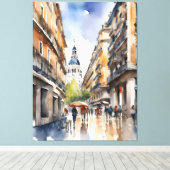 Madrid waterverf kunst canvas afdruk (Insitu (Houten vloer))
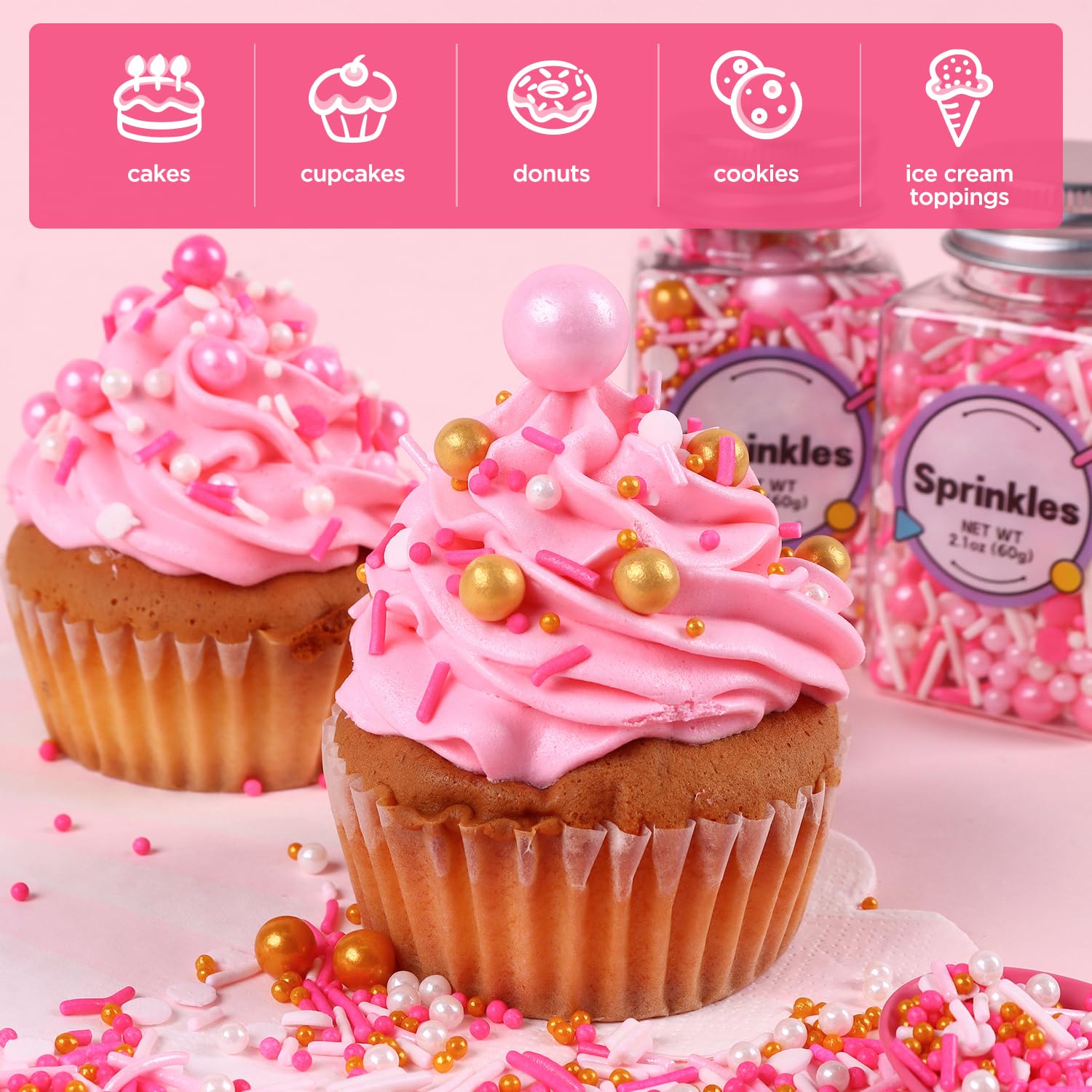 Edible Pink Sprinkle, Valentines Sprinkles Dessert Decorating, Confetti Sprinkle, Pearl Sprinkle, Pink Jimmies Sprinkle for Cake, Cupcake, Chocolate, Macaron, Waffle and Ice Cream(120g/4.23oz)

--

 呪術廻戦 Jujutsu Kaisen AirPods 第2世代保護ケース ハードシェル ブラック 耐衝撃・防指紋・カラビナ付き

--

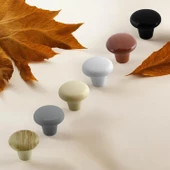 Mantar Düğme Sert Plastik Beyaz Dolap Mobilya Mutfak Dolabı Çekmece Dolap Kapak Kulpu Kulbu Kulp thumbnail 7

--

* **Problem description**:
The material above holds pictures; leave them out and set down exactly the lines from the line with "Madrid waterverf kunst" to the line with "Edible Pink Sprinkle, Valentines", both included.

* **Task answer**:
 Madrid waterverf kunst canvas afdruk (Insitu (Houten vloer))
 Edible Pink Sprinkle, Valentines Sprinkles Dessert Decorating, Confetti Sprinkle, Pearl Sprinkle, Pink Jimmies Sprinkle for Cake, Cupcake, Chocolate, Macaron, Waffle and Ice Cream(120g/4.23oz)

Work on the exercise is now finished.